A net is comprised of two hoops connected by netting with a small, one-way entrance for a crab. They’re “like bare bones cars,” said Glisson, and need the addition of bait boxes as well as weights to keep them from drifting.
Nets are high maintenance and need to be pulled up every 15 minutes or so and checked for crabs. Since baby crabs tend to stay close to the pier, it’s common for them to wander into the nets but a fisherman may not keep them.
Crabs that are legal to keep must be at least five and three-quarter inches measured by the shortest distance through the body from edge of shell to edge of shell directly in front of and excluding the points (lateral spines).
Crab traps are another method used for pier crabbing. Though their sides are also made of netting, traps have lots of metal rigging and are rigid, collapsible structures that can be left in the water for up to three hours, making them more effective than nets. In fact, longboard surfers sometimes take out these springboard traps.
Bait is a crucial part of successful crabbing. Half Moon Bay resident and fisherman Frank Navin says that fresh or frozen squid is best for crabbing. Glisson adds that anchovies, mackerel or sardines can be mixed in, but he warns against using salmon heads or chicken as bait as they are guaranteed to attract sea lions.
Crabbing laws
On public piers, no person shall use more than two rods and lines, two hand lines, or two nets, traps or other appliances used to take crabs. Restrictions for sport crabbers are 10 crabs per day, per person, whether from a boat or from the pier. That number goes down to 6 crabs per person, per day, for party boats, however, which typically bring 20-25 people out at a time.

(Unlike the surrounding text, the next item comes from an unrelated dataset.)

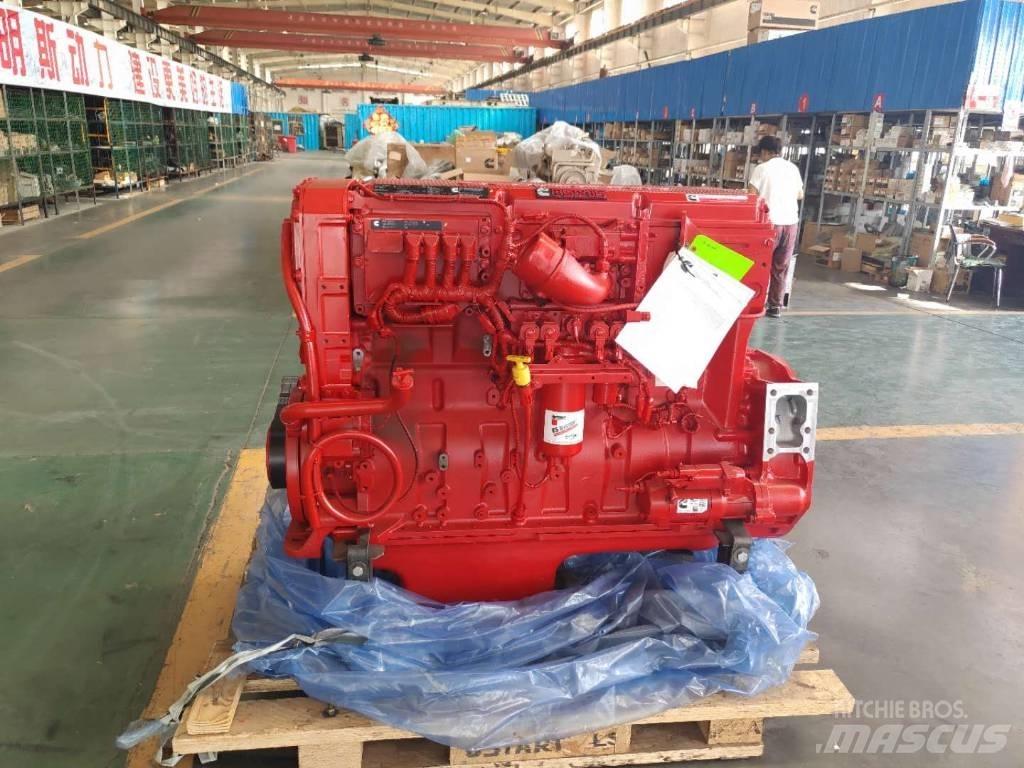 Cummins QSX15 Midi rýpadlá 7 t - 12 t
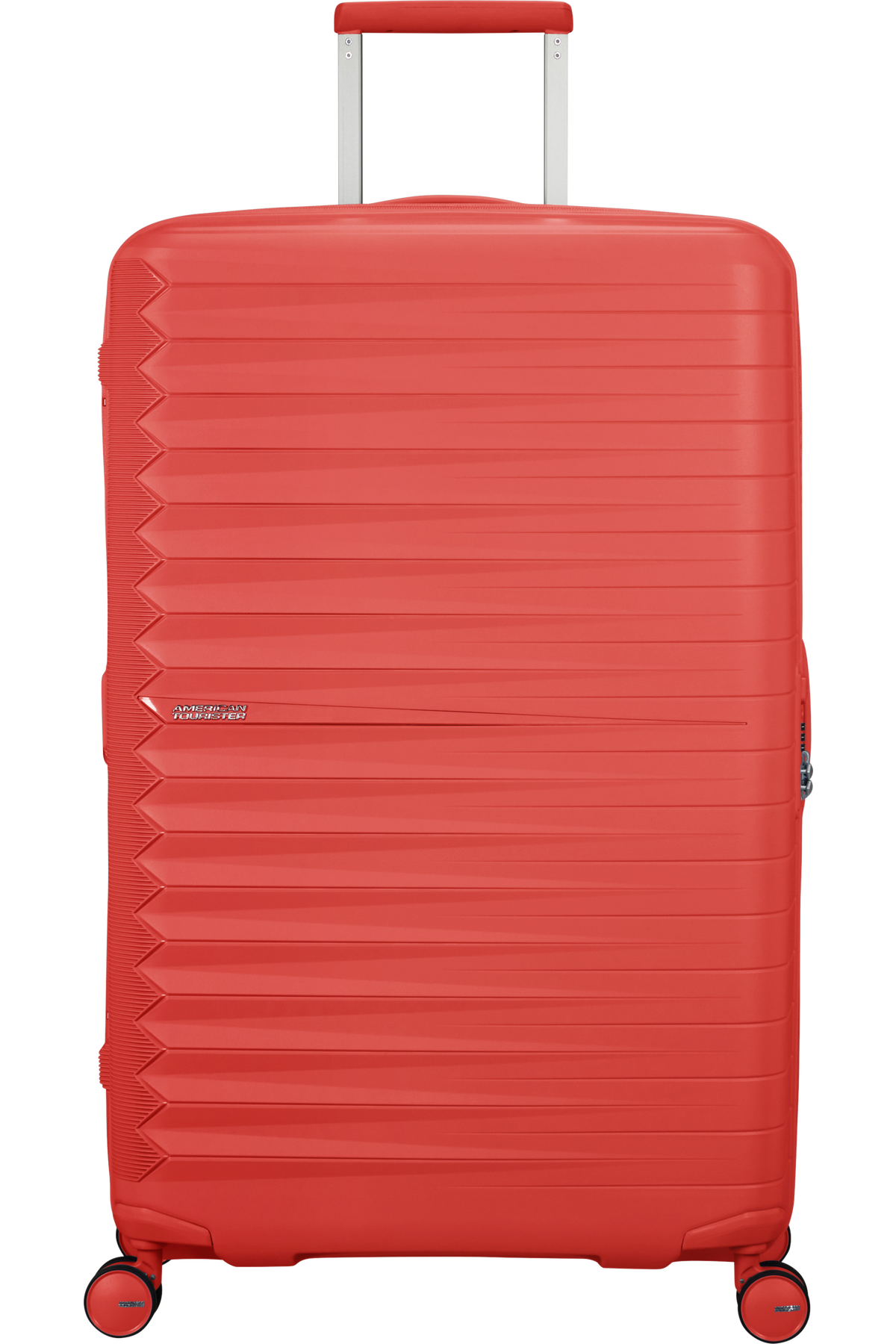 Valise Moyenne Taille 68 cm FastForward Sunset Coral American Tourister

Licensing fees, available from the California Department of Fish and Game, can be steep and they are necessary for fishing boats but as stated above, licenses are not needed to crab from a manmade pier.
It’s illegal to sell female crabs in California so commercial crabbers must throw them back to ensure the continued production of eggs. Although sport fishers are allowed to keep crabs of both genders, many opt not to for the same reason.